* **AVAILABLE RECORDS**:
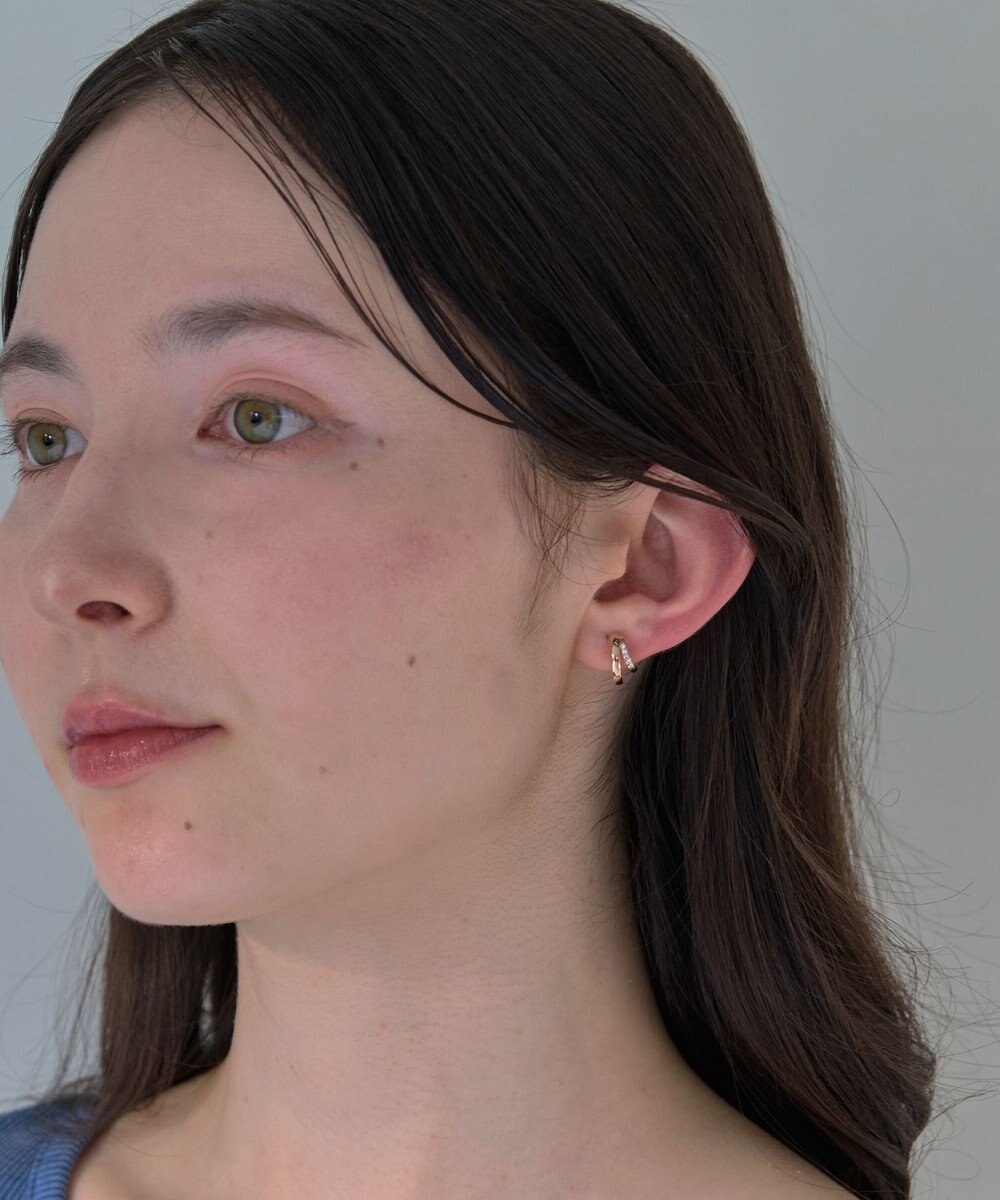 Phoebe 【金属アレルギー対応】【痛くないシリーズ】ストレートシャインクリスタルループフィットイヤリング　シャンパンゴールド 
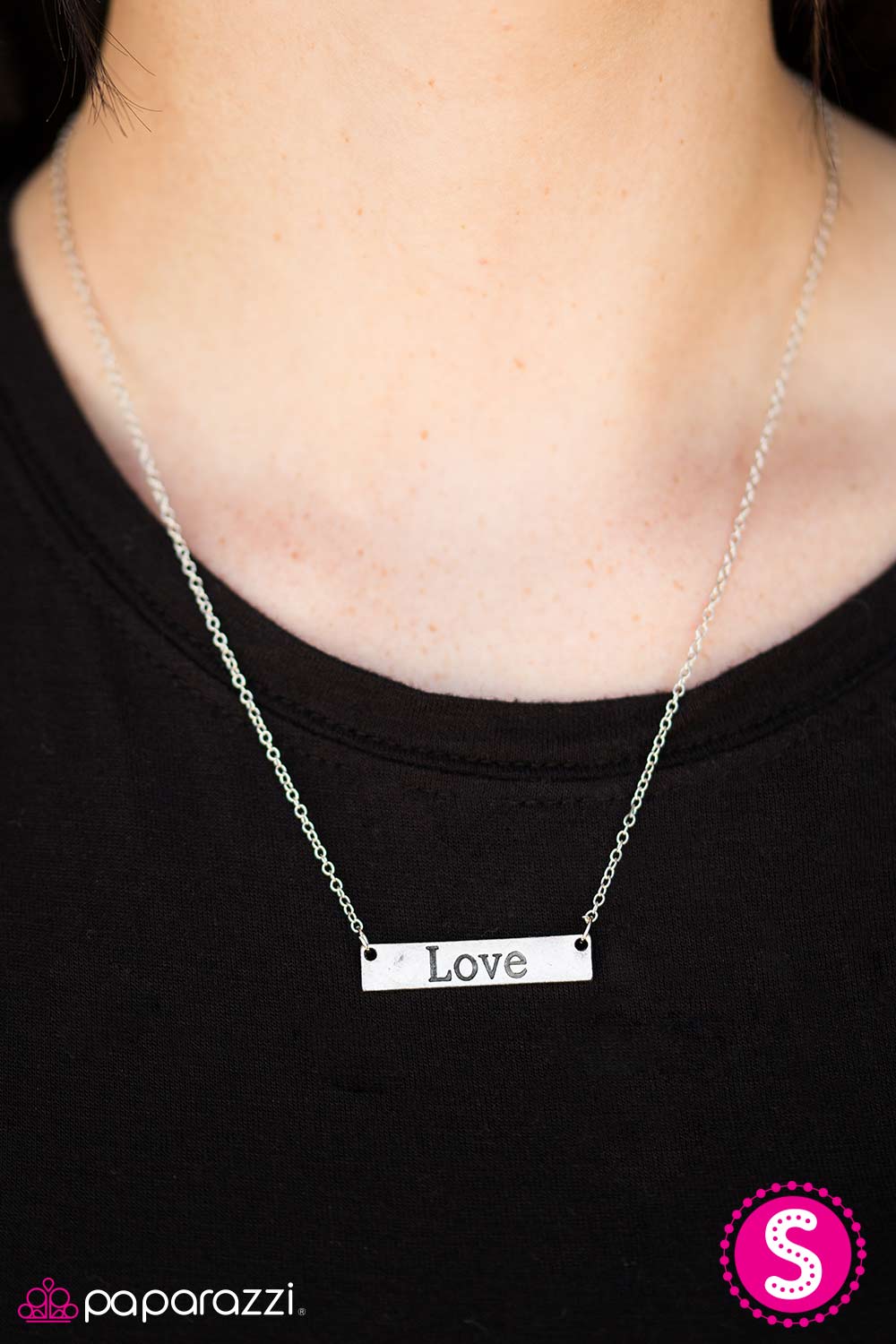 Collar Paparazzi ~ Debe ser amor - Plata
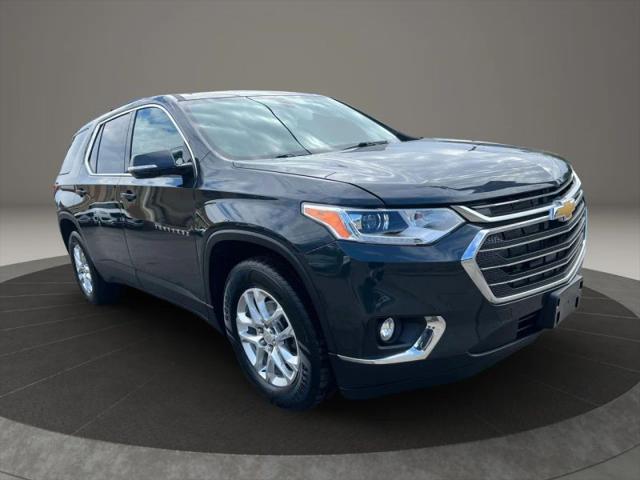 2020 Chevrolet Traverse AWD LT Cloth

==

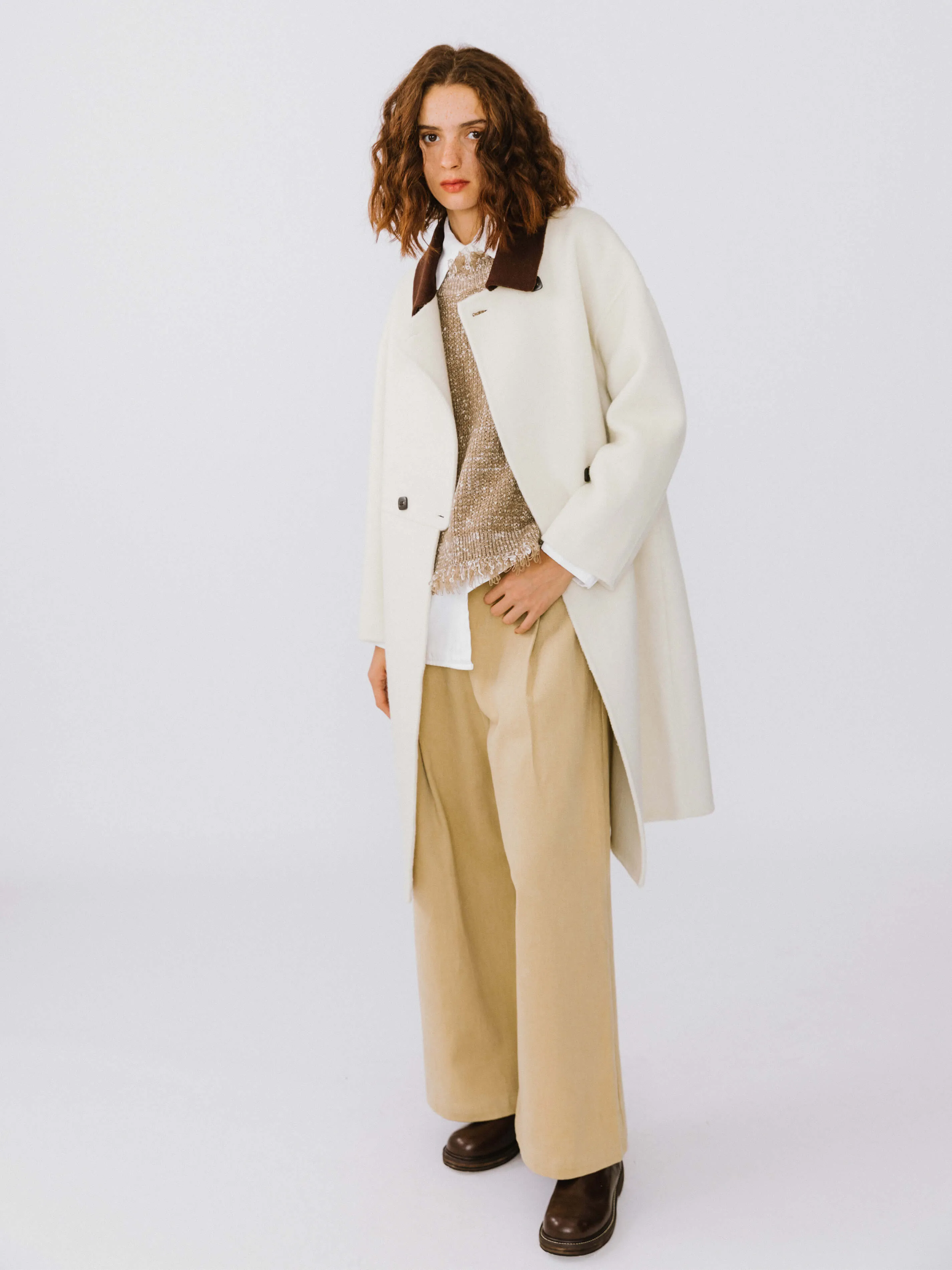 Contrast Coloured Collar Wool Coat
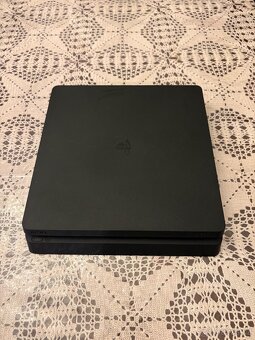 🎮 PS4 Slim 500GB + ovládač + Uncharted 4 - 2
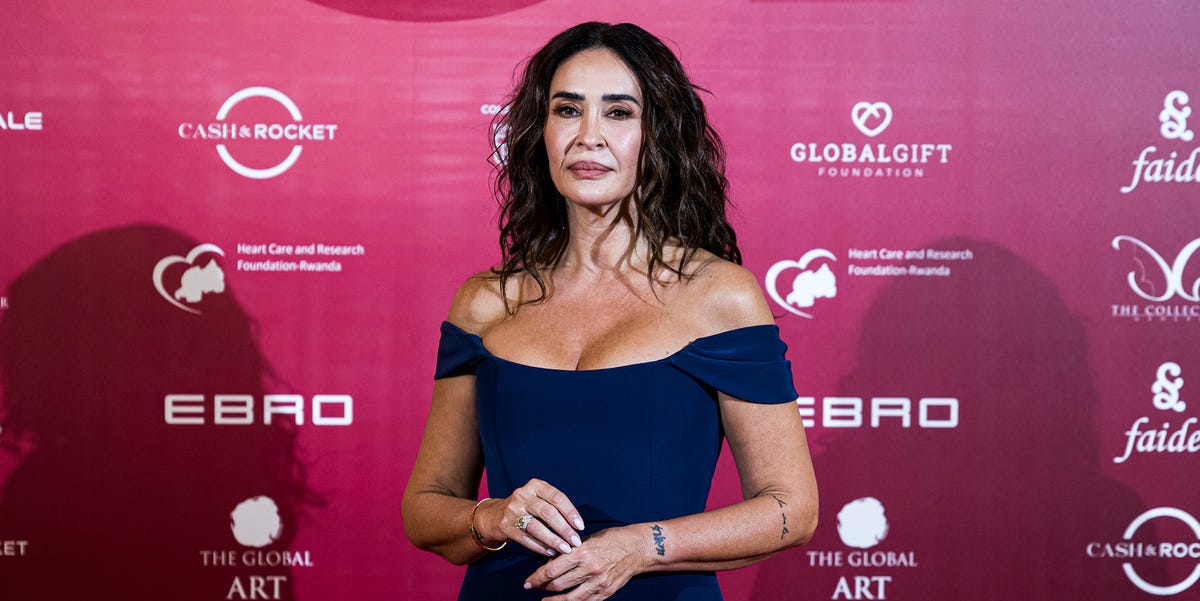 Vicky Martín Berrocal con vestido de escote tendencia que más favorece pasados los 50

* **AIM OF THE EXERCISE**: Among the entries above, take the lines from the one with "Phoebe 【金属アレルギ" through the one with "2020 Chevrolet Traverse AWD LT Cloth" and retype them exactly, leaving out the pictures.

* **WORKED SOLUTION**:
 Phoebe 【金属アレルギー対応】【痛くないシリーズ】ストレートシャインクリスタルループフィットイヤリング　シャンパンゴールド 
 Collar Paparazzi ~ Debe ser amor - Plata
 2020 Chevrolet Traverse AWD LT Cloth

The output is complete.